Data for this exercise –
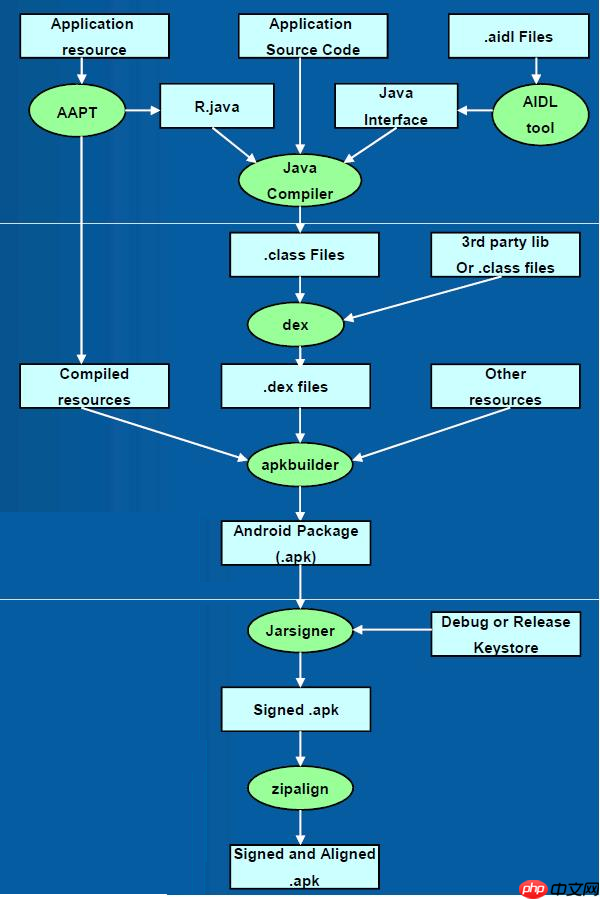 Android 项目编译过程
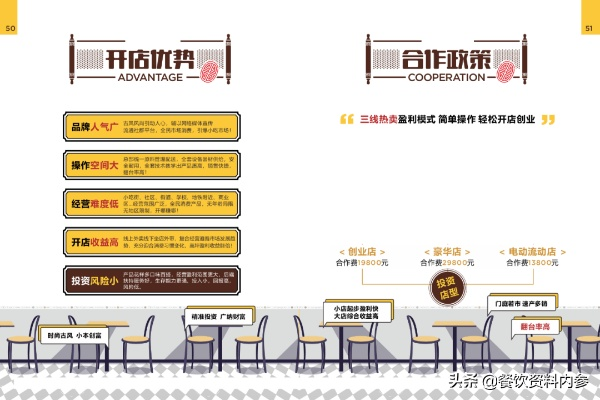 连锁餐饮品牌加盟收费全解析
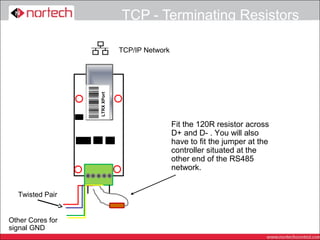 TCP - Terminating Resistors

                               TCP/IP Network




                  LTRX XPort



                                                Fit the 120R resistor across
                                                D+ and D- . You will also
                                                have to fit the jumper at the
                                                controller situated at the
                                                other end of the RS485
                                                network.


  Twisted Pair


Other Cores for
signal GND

Task description –
Every line of the material should be repeated precisely; pictures are to be excluded.

The completed task –
 Android 项目编译过程
 连锁餐饮品牌加盟收费全解析
 TCP - Terminating Resistors

                               TCP/IP Network




                  LTRX XPort



                                                Fit the 120R resistor across
                                                D+ and D- . You will also
                                                have to fit the jumper at the
                                                controller situated at the
                                                other end of the RS485
                                                network.


  Twisted Pair


Other Cores for
signal GND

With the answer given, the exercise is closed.